Renovation of old office space constructed new classrooms in the basement of the school where the offices used to be. After that more classrooms were built on the north side of the school in 1991 and more in 2006 with the addition the new cafeteria. Final additions to the east side of the building concluded in 2018 for life skills classes.

There are 800 students attending Bernotas Middle school. Bernotas' sports teams go under the "Bernotas Vikings". The school's mascot is Thor, represented by a viking. The school colors are navy blue and gold.

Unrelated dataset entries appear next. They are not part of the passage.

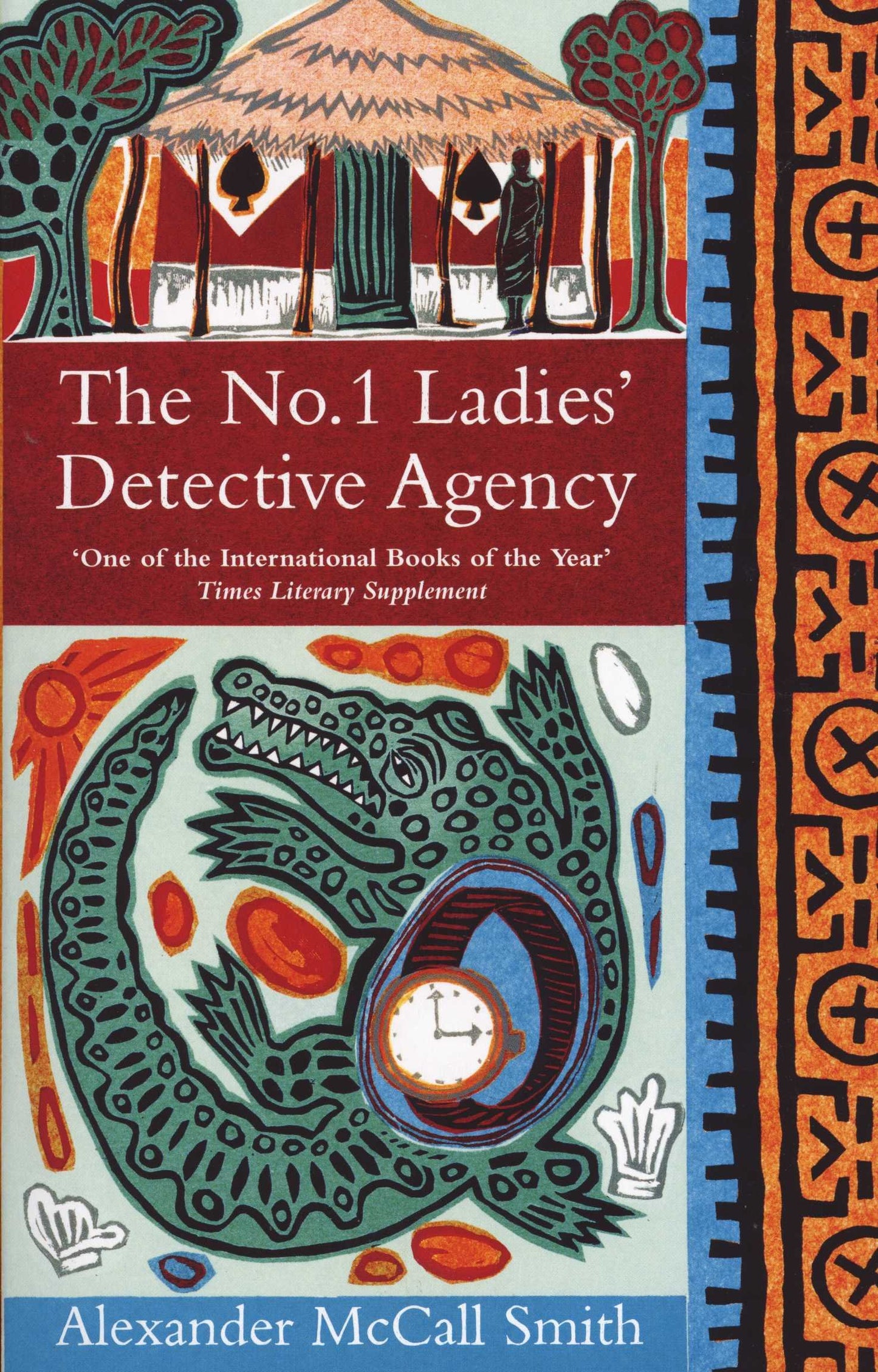The Number 1 Ladies Detective Agency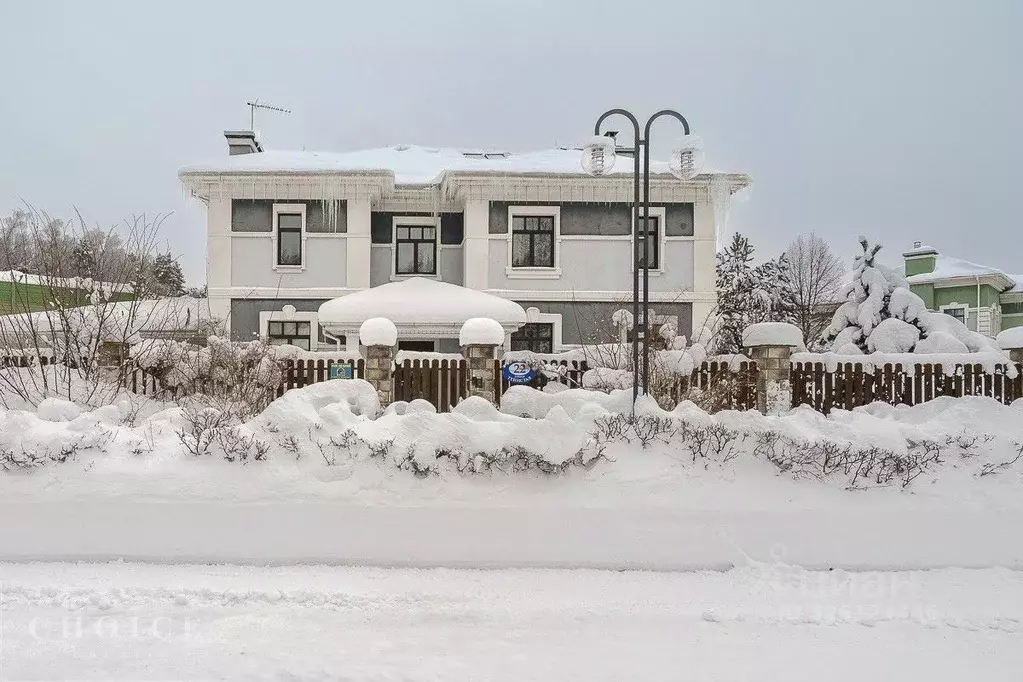 Дом в Московская область, Истра муниципальный округ, д. Аносино, Грин ... - Фото 1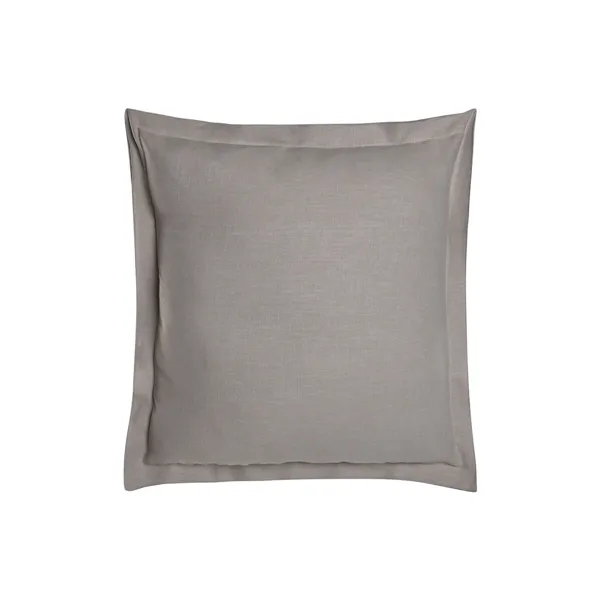 Cushion Home ESPRIT Light grey 60 x 60 cm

Unique to the other middle schools in the district, RBMS has its unique school song.

====Leon J. Lundahl Middle School====
Leon J. Lundahl Middle School, also referred to as Lundahl Middle School, was established in 1959 as South Junior High. The name was switched to Lundahl Middle School after the retirement of Leon J. Lundahl, the superintendent in 1966. Lundahl Middle School was the first school to be named after someone at the time.

In 1974, a new addition, including a new gymnasium, learning center, locker room area, and science complex, was opened. Mr. Richard Carlstedt became principal in 1989. In 1990-91, a new north-end classroom addition, cafeteria, locker room area, and second gymnasium were added to the Lundahl campus. The school became an accredited middle school in the spring of 1995, and its name was officially changed to Lundahl Middle School Campus for the opening of the 1996-97 school year.

Lundahl Middle School's colors are purple and gold, and they compete in athletics as the Lundahl Lions, female-oriented sports teams referred to as the Lady Lions. Lundahl Middle School's mascot is a lion, whose name is Leo. Leo comes from Leon J. Lundahl, the retiring superintendent in 1966.

==== Hannah Beardsley Middle School====
Hannah Beardsley Middle School opened in 1996, the most recent middle school in Crystal Lake. Its namesake, Hannah Beardsley, was the first school teacher in the Crystal Lake area. The first principal of Hannah Beardsley Middle School was Ron Ludwig.

Similarly to Bernotas, HBMS was opened to accommodate Crystal Lake's burgeoning population, which had been fueled mainly by an influx of middle-class families from Chicago during the 1990s. When it first opened, Beardsley was already close to capacity. Rising enrollment necessitated the construction of an additional wing of classrooms on the building's upper floor, completed in 2000. Present enrollment is 830 students in grades 6 through 8. Beardsley's sports teams compete as the Beardsley Bears, and its school colors are blue and orange.